While they were on the subject of policies, King stated that he recently learned that the Wetlands Protection Act (WPA) allowed for firmer enforcement tactics, but that it was important to allow those receiving an enforcement order time to prepare plans that would correct matters.
“On the issue of enforcement orders, we have to give 90 days to develop plans and for the hiring of a licensed professional,” King shared. Secondly, he said, under the WPA, “We can impose fines that can go back two years.”
Continuing, King stated, “It’s the only method we have under the WPA” to get the attention of those who violate orders of conditions imposed by the commission. He said of the two-year retroactive period, “If you don’t take care of this issue, we’re going back,” adding that fines could be considerable. He said the commission must draft concise enforcement orders to attain “more compliance and less litigation.”

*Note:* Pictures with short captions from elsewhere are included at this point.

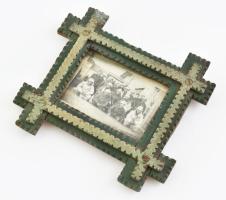 II. világháborús hadifoglyok képe Sziléziában faragott keretben 6x9 cm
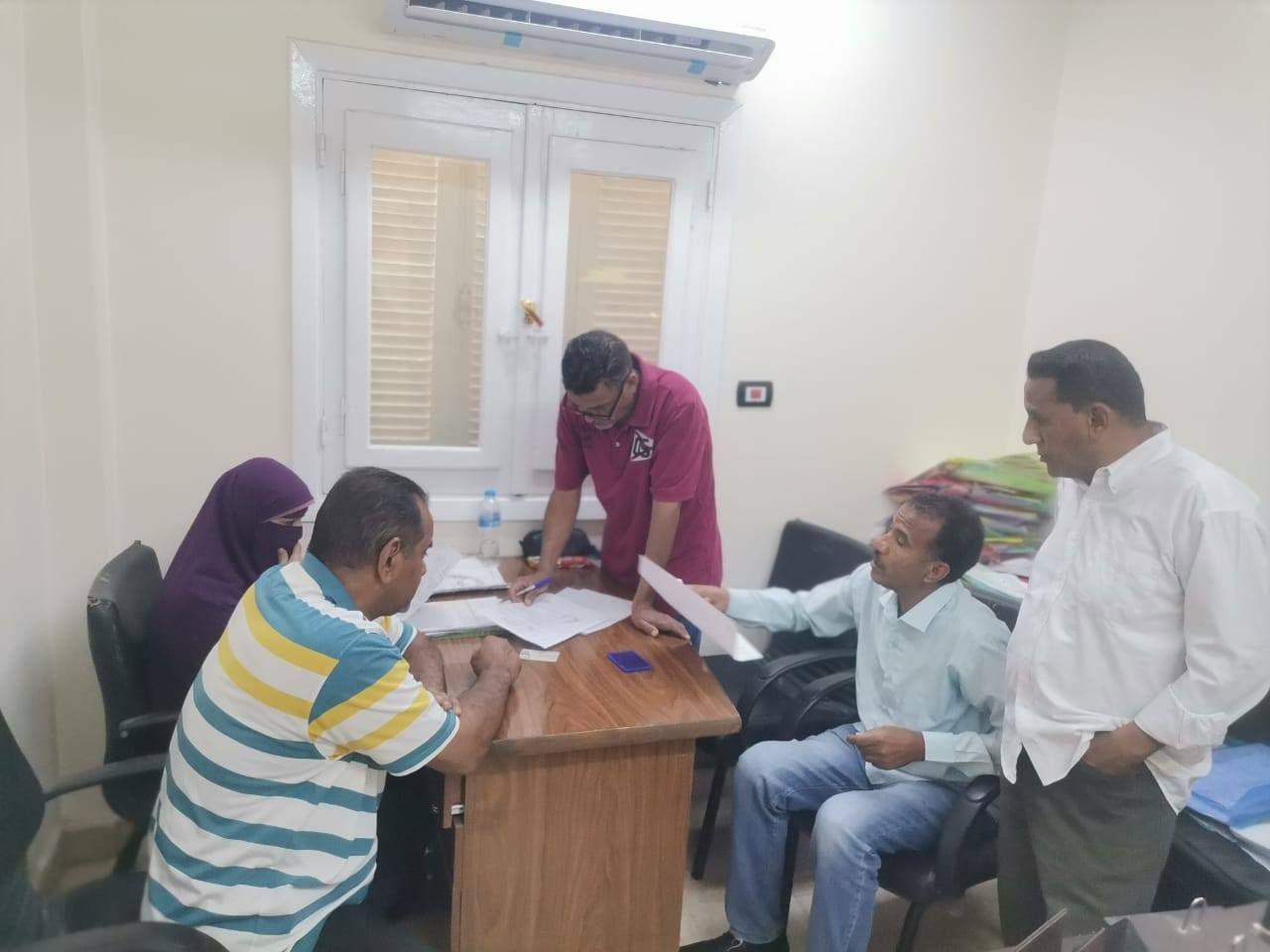 لجنة عقود الملكية النهائية لوحدات الاسكان الشعبي بمنطقة رواج وحي الزهور لجنة عقود الملكية النهائية لوحدات الاسكان الشعبي بمنطقة رواج وحي الزهور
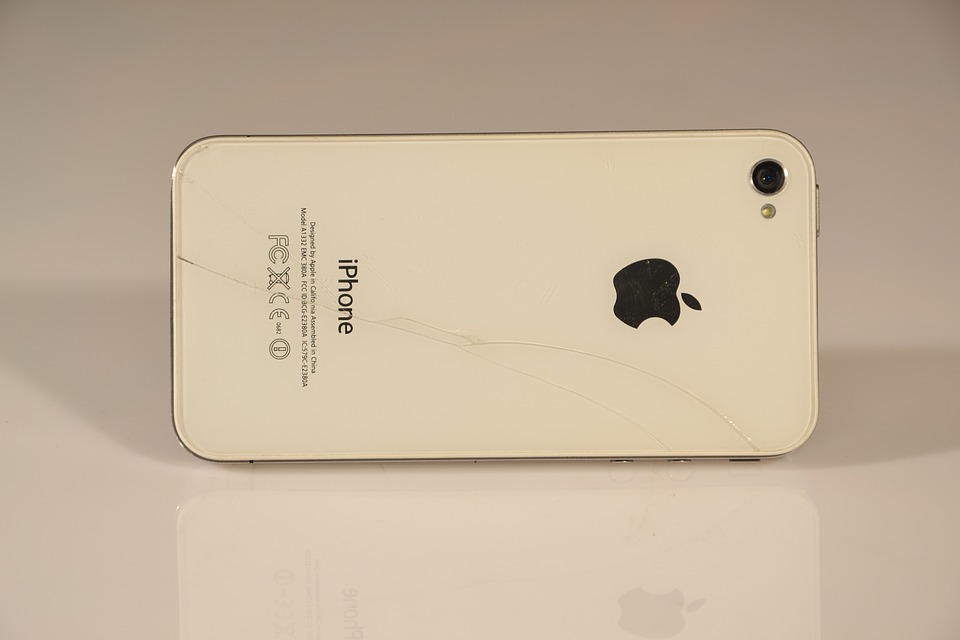 Velká škoda rozbitého mobilu.
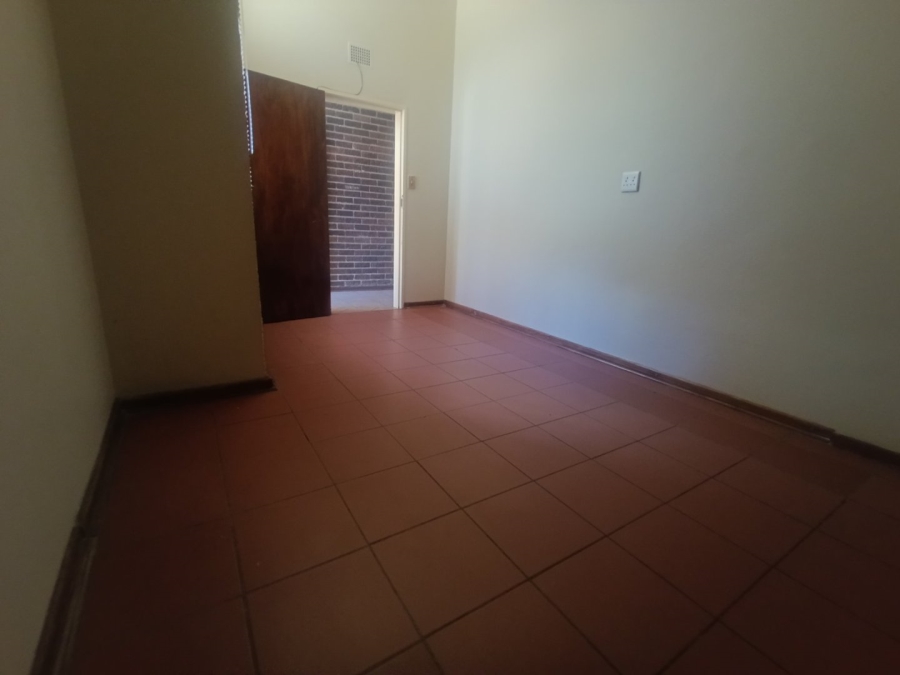 7 Bedroom Property for Sale in Universitas Free State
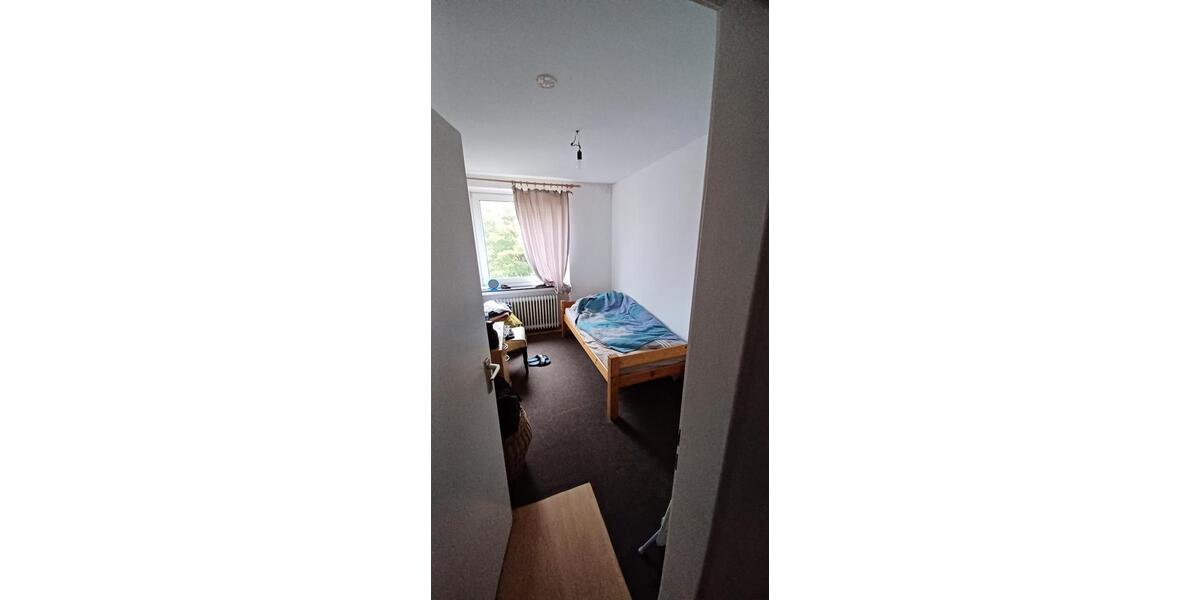 Etagenwohnung Emden Rysumer Landstraße - 3 Zimmer, 87 m&sup2;, 550&euro; | Angebot:24869464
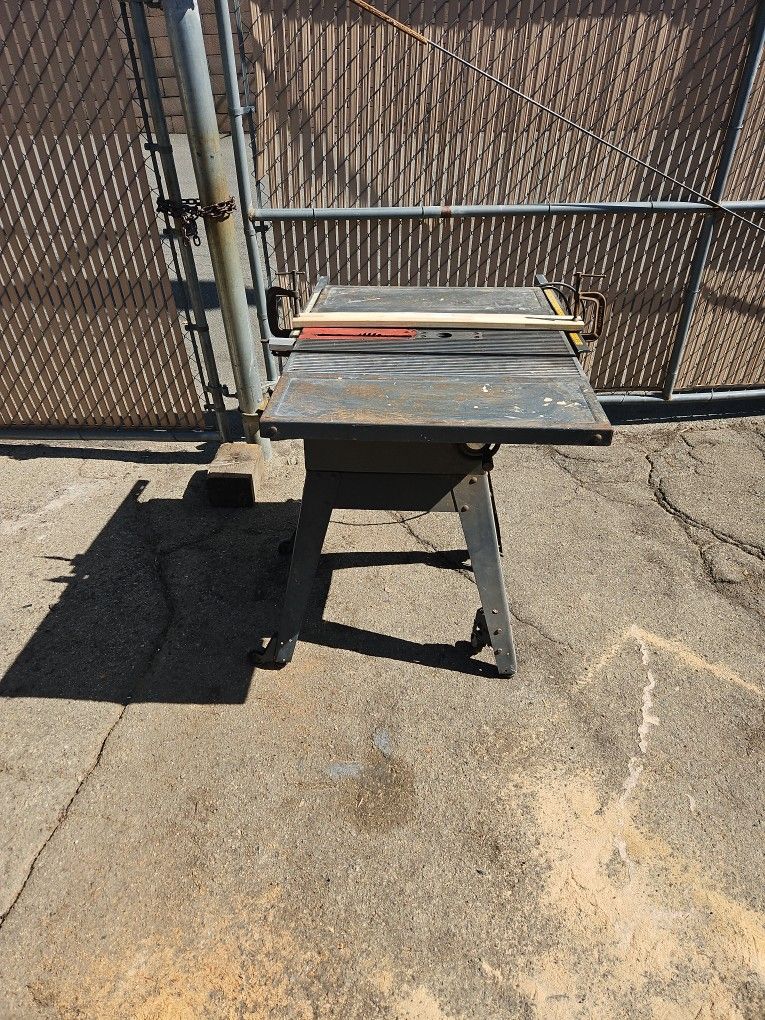 Working 10" Craftsman Table Saw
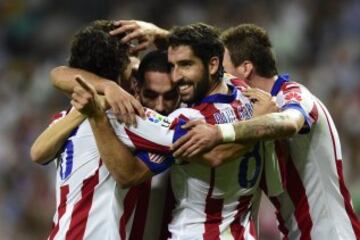 El centrocampista turco del Atlético de Madrid Arda Turan celebrando con sus compañeros de equipo después de anotar el gol 1-2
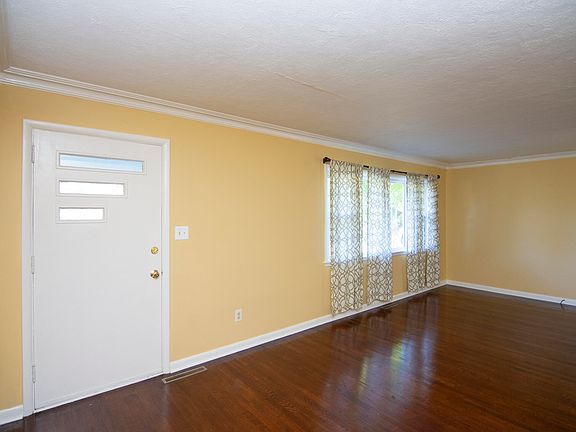 5th image of 276 Holt Ln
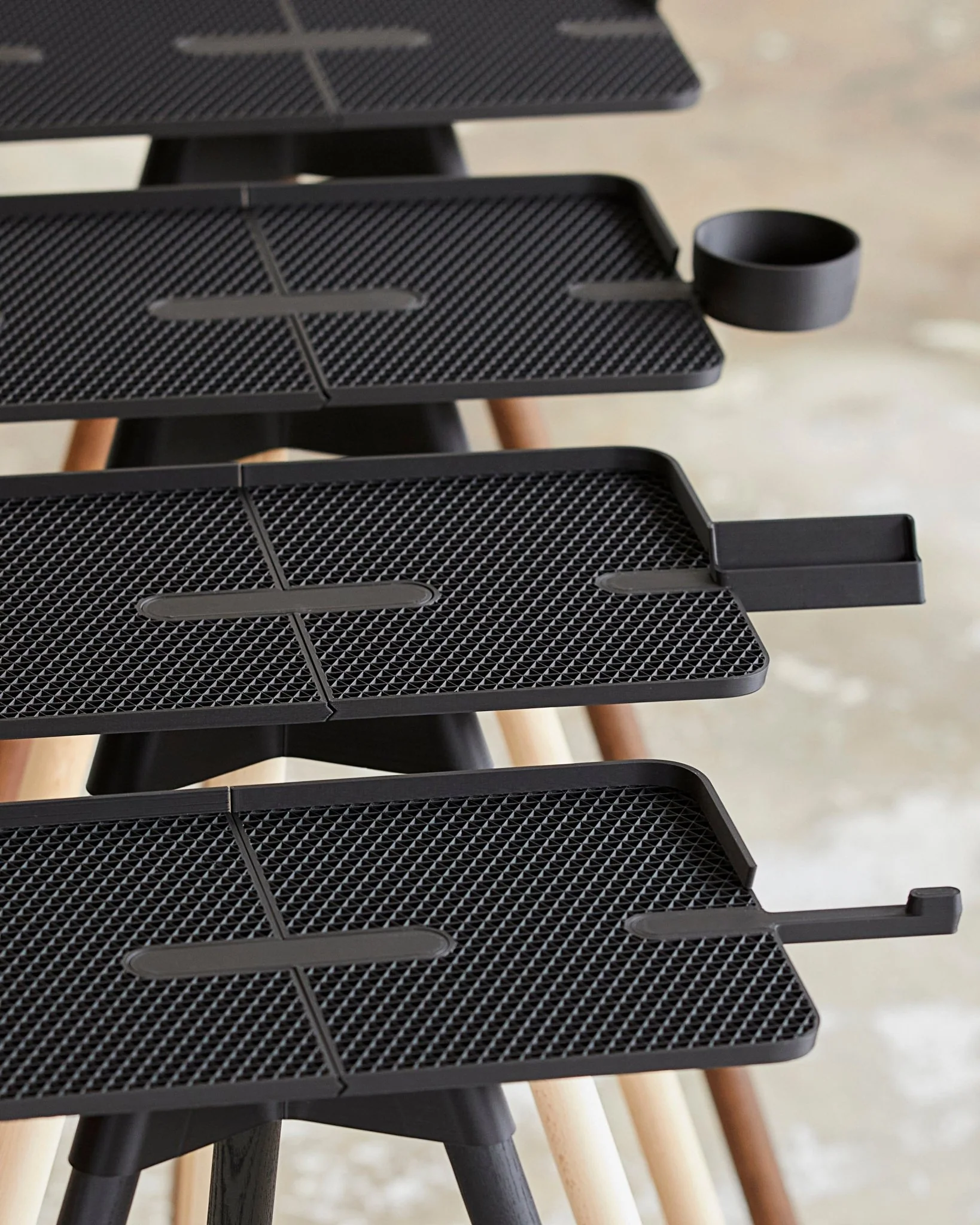 Table de course | Ordinateur portable + Téléphone + Bouteille d’eau - Image 2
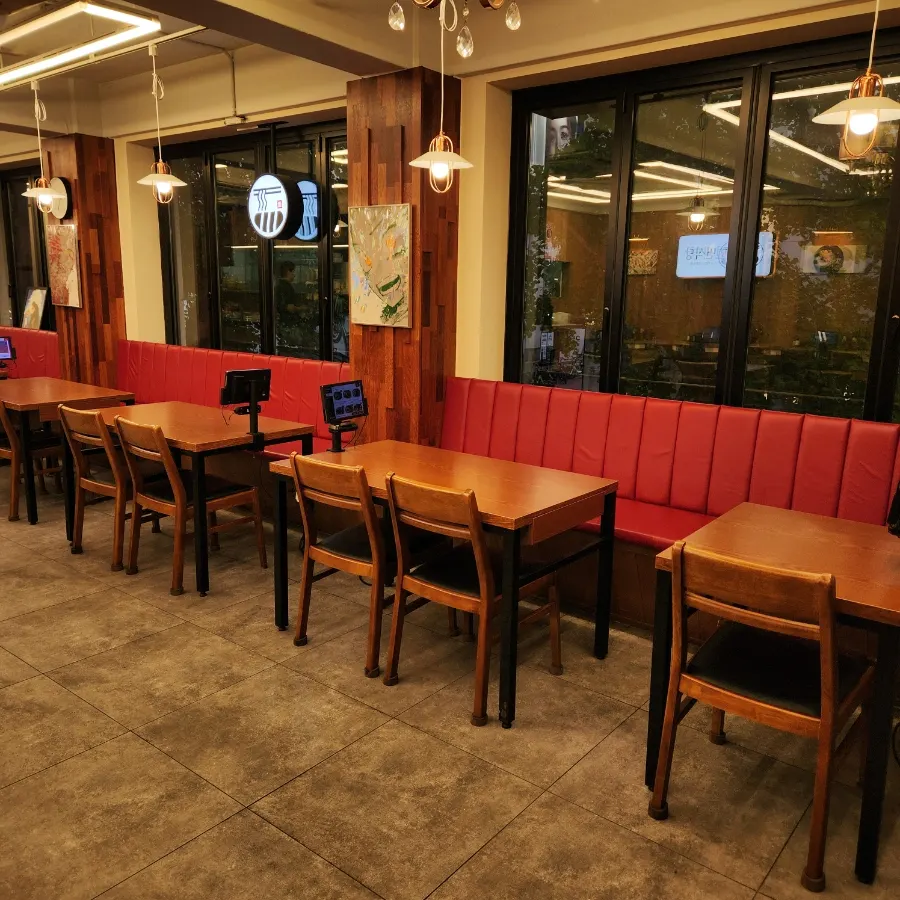 Tablet menu listing ramen, soba, katsu, and rice bowls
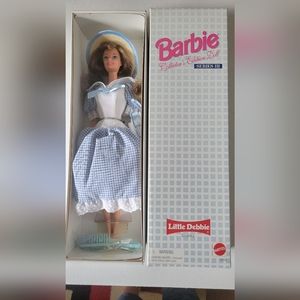 New in Box Little Debbie Barbie Collector's Ed. Doll Series 3 VTG Mattel 1997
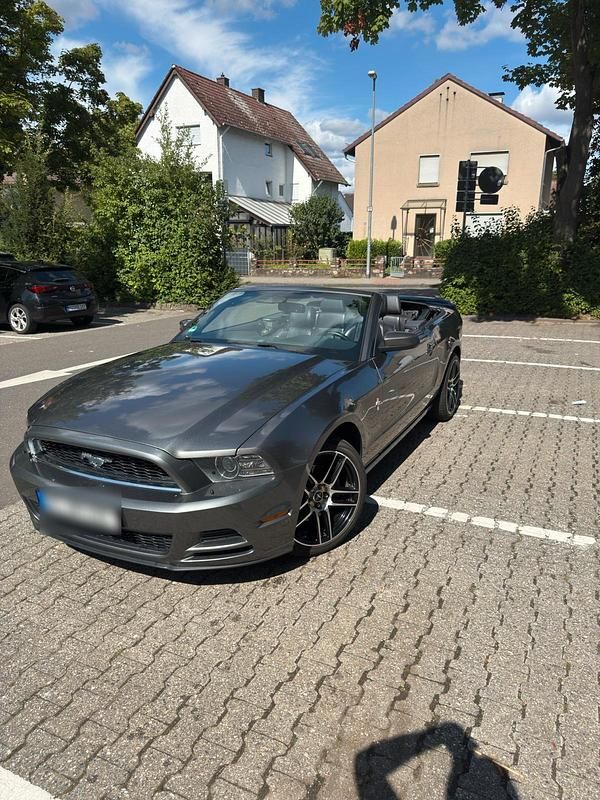 Grau Gebraucht 2013 Ford Mustang Cabrio | 21.000 € - Bild 1/4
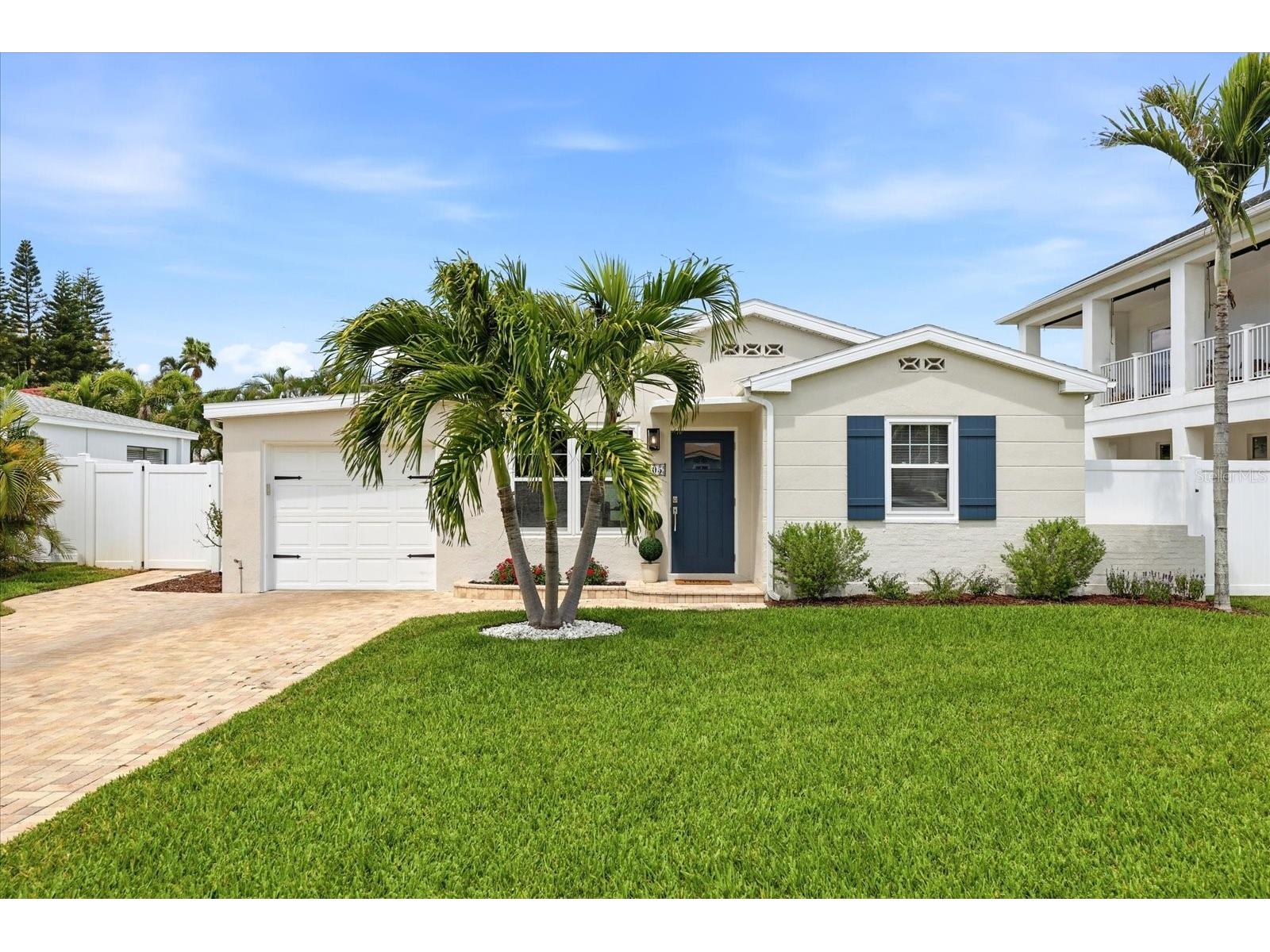105 3rd Street Belleair Beach FL 33786 TB8488809 image2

Decker’s arrival signaled a subject change. Coming before the commission, Decker explained that a small 4-acre parcel owned by the Buzzards Bay Coalition at the “Shaw Farm” reservation that straddles Fairhaven and Mattapoisett is slated for conveyance to Philip DeNormandie, the abutting property owner. DeNormandy is also the farmer whose large holdings in the area have been significantly granted as public lands.
Decker said the contractual agreement originally signed with DeNormandie mandated the conveyance, but that the parcel would remain protected into perpetuity under the conservation restriction. The BBC needed the agreement of both towns given that the property in question is located in the municipalities. Decker sought and received the support of the commission.
In other business, an Extension of Order of Conditions requested by William Fredricks, 30 Hollywood Road, was granted for an additional 3-year period.
An RDA filed by Michael Wall, 5 Bethany Lane, for the replacement of a failed sewage disposal field received a Negative determination.
An NOI filed by Delmont Limited, William Muldoon, 74 County Road, also for septic repairs and improvements received an order of conditions.
The commission also ratified an enforcement order for landscape disturbances that exceeded the limits of work permitted for property located at 22 Pine Island Road. The full scope of the violation is yet to be determined.
The next meeting of the Mattapoisett Conversation Commission is scheduled for July 22 at 6:30 pm in the Town Hall conference room.